- **Task requirements**
Only the lines from the one containing "A firm silk organza ribbon cascade veil." to the end of the records belong in the answer; repeat them exactly and drop the pictures.

- **Captioned web image data**
━━━━━━━━━━━━━━━━━━━━━━━━━━━━━━
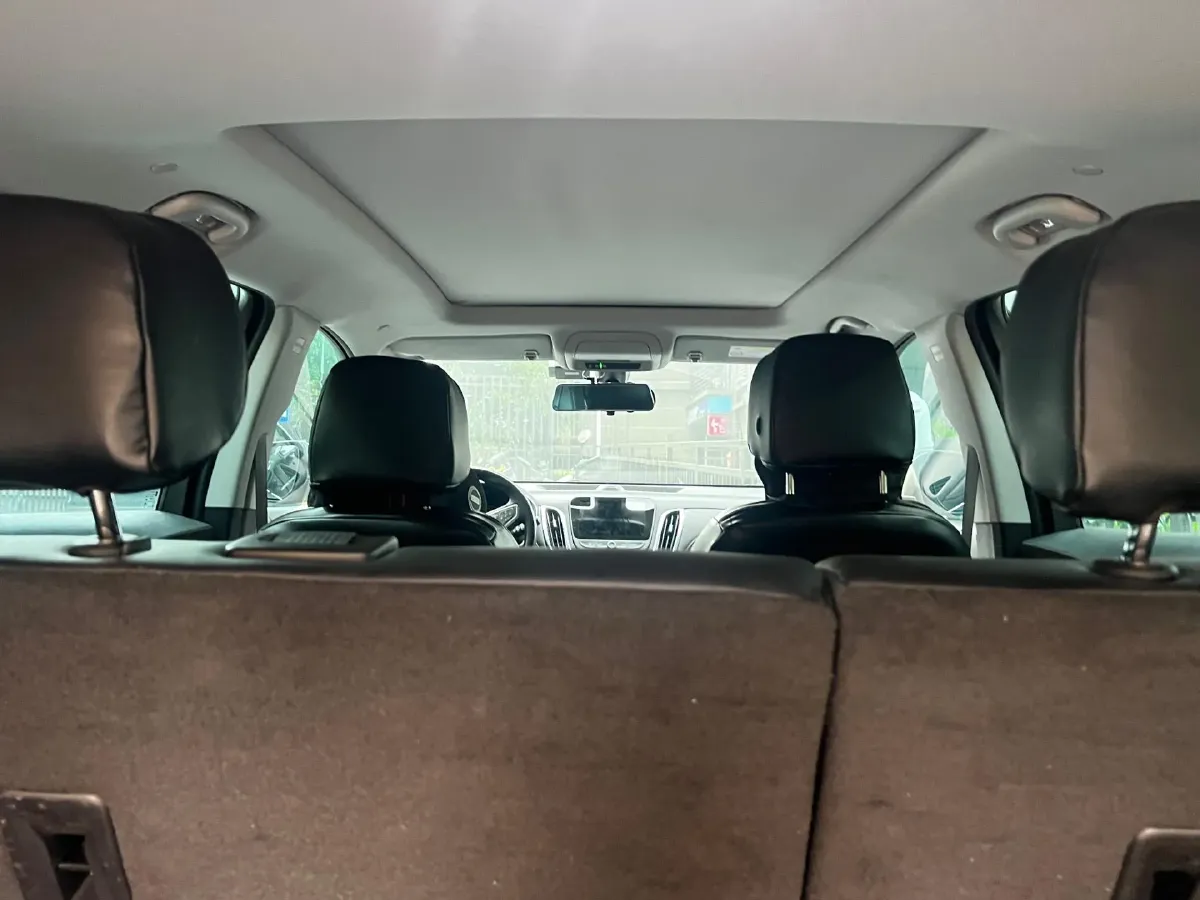 2019 Chevrolet Equinox 1.5T 180HP L4 6AT,autocango,china used car exporter,china ev exporter,chinese used car exporter,chinese used ev exporter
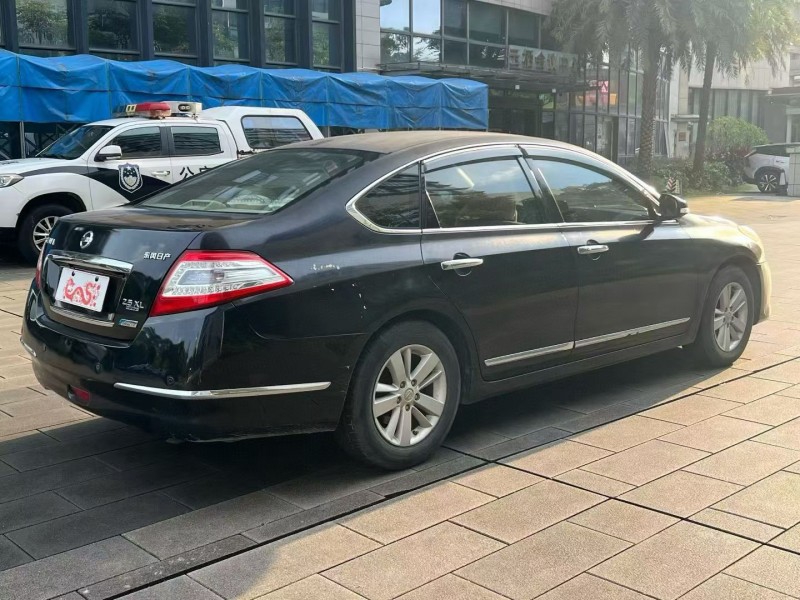 佛山11年日产天籁8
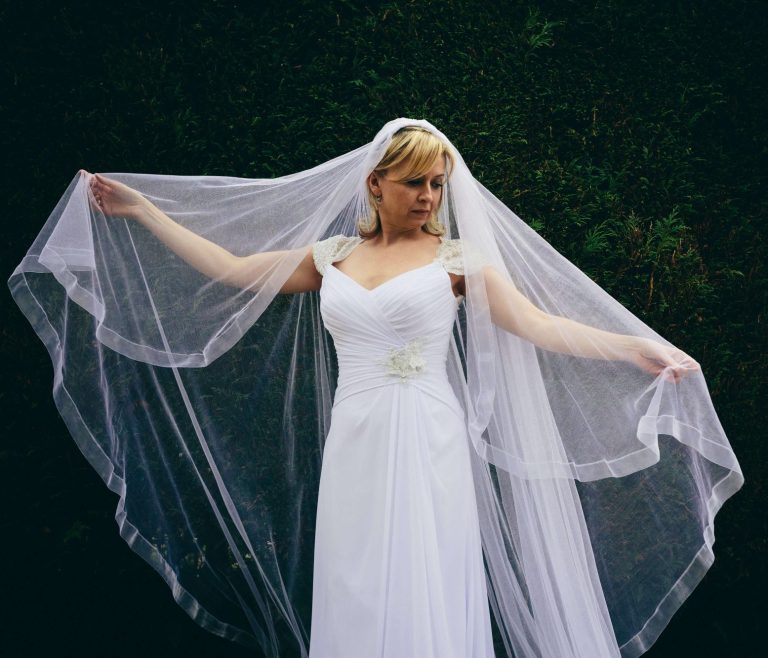 A firm silk organza ribbon cascade veil.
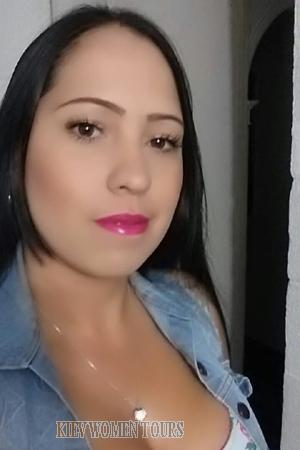 167047 - Yecenia Age: 43 - Colombia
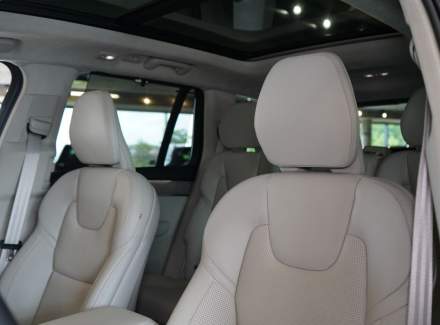 Volvo - XC90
━━━━━━━━━━━━━━━━━━━━━━━━━━━━━━
- **Task answer**
 A firm silk organza ribbon cascade veil.
 167047 - Yecenia Age: 43 - Colombia
 Volvo - XC90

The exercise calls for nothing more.